I didn’t know how to say all of this to him. And after the first time he didn’t believe me, I stopped trying.
The end of eighth grade finally provided a welcome separation point. I was going on to a different high school, and my parents agreed that I could try out a different teacher. The only caveat was that I had to tell Miss D myself. The final lesson when I told Miss D I would no longer be her student was fraught with stress. I have always been conflict-averse, and I spent the entire conversation on pins and needles. She tried to manipulate me into staying under her thumb, telling me that the music teacher at my new school wouldn’t be entering me into the competitions and recitals that she always had. I think it was the first time I actually realized that those events were far more important to her than they were to me. I just wanted to play music. I don’t remember how the conversation ended, but I do remember the relief of finally walking away from her for the last time.
And here’s the thing: she was a piano teacher.
Not my parent. Not a family member. Not someone I depended on for food and shelter and love. Not someone I loved and needed to love me back.

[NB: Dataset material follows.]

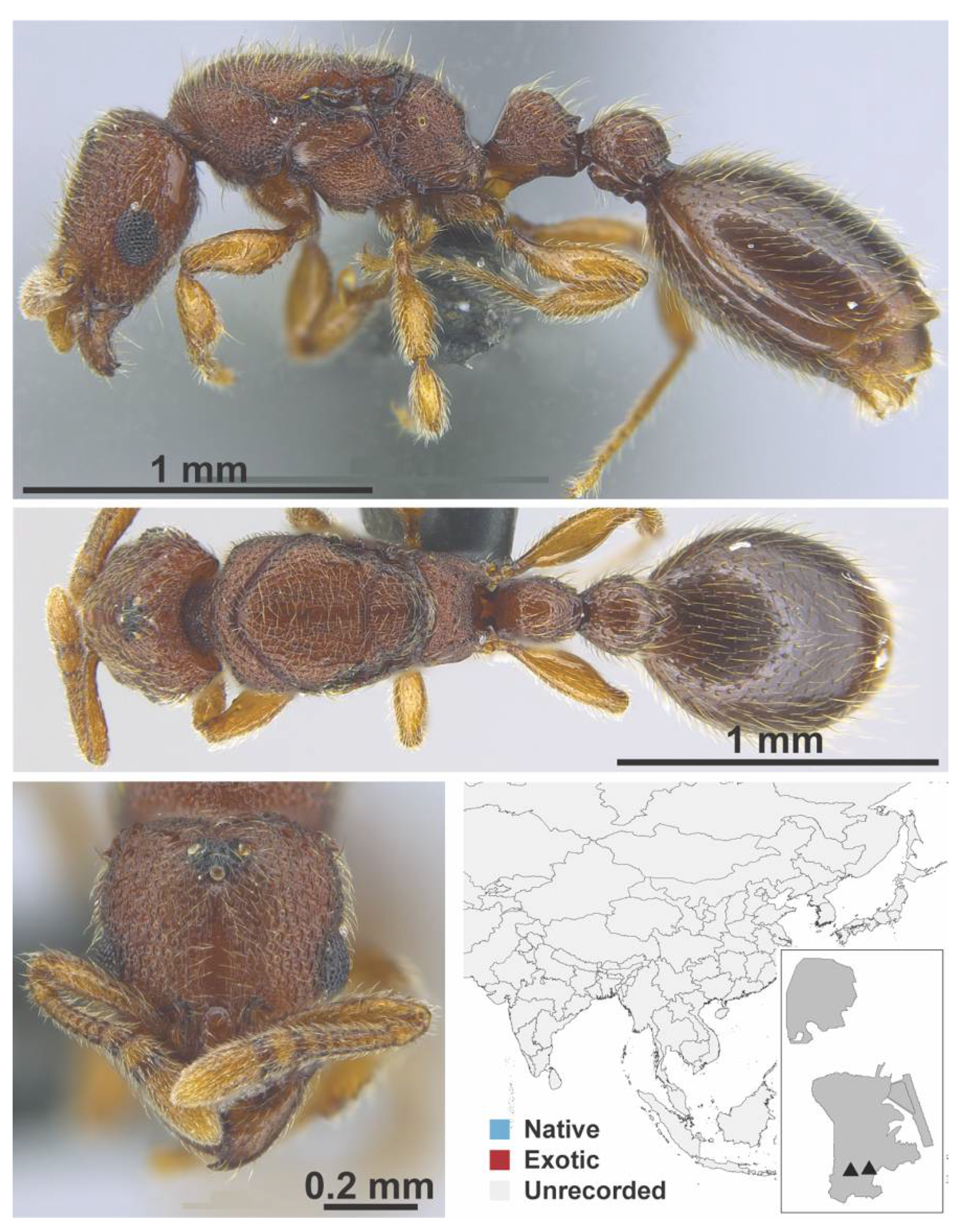 Diversity 13 00358 g0a138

I was an adult before I ever revealed to my parents how bad it actually was with Miss D. That it was, in fact, abuse. And clearly I was not alone in this. (In fact, I ended up attending high school with Miss D’s niece. When I mentioned that I’d taken lessons with Miss D for years, my classmate’s response was, “Oh, God, I’m sorry.”) She was teaching before I started lessons with her, and she continued to teach after. No one ever fired her. No one ever investigated her. Some kids were at least able to convince their parents to let them quit lessons, but to my knowledge, no parent ever called the school to complain about her methods.
In the meantime, I had a family that loved me, parents who supported me and were proud of my accomplishments and who, while as imperfect as any other parents out there, were warm and kind and never let me doubt my value. I was able to emerge from the experience relatively unscathed.
Imagine what it must be like for children who have someone like Miss D as a parent. Or a grandparent. Or a family friend who everybody likes.
If it was as hard as it was for me to talk about the abuse of my piano teacher for fear of not being believed, how hard do you think it must be for a child to tell anyone that their parent is hurting them? Or that mommy’s boyfriend is touching them in ways he shouldn’t, even though he makes mommy so happy?
How hard must it be to tell when telling might have one of two outcomes: either you won’t be believed and you’ll get in trouble for telling, or you will be believed, and everything you know will be torn apart?
And how hard must it be to tell on someone you love?
I don’t want to be alarmist here.
But my general philosophy is that when a kid says a grownup is hurting them, or is making them afraid, it is imperative to believe them. And then take action.
You might be the only person who does.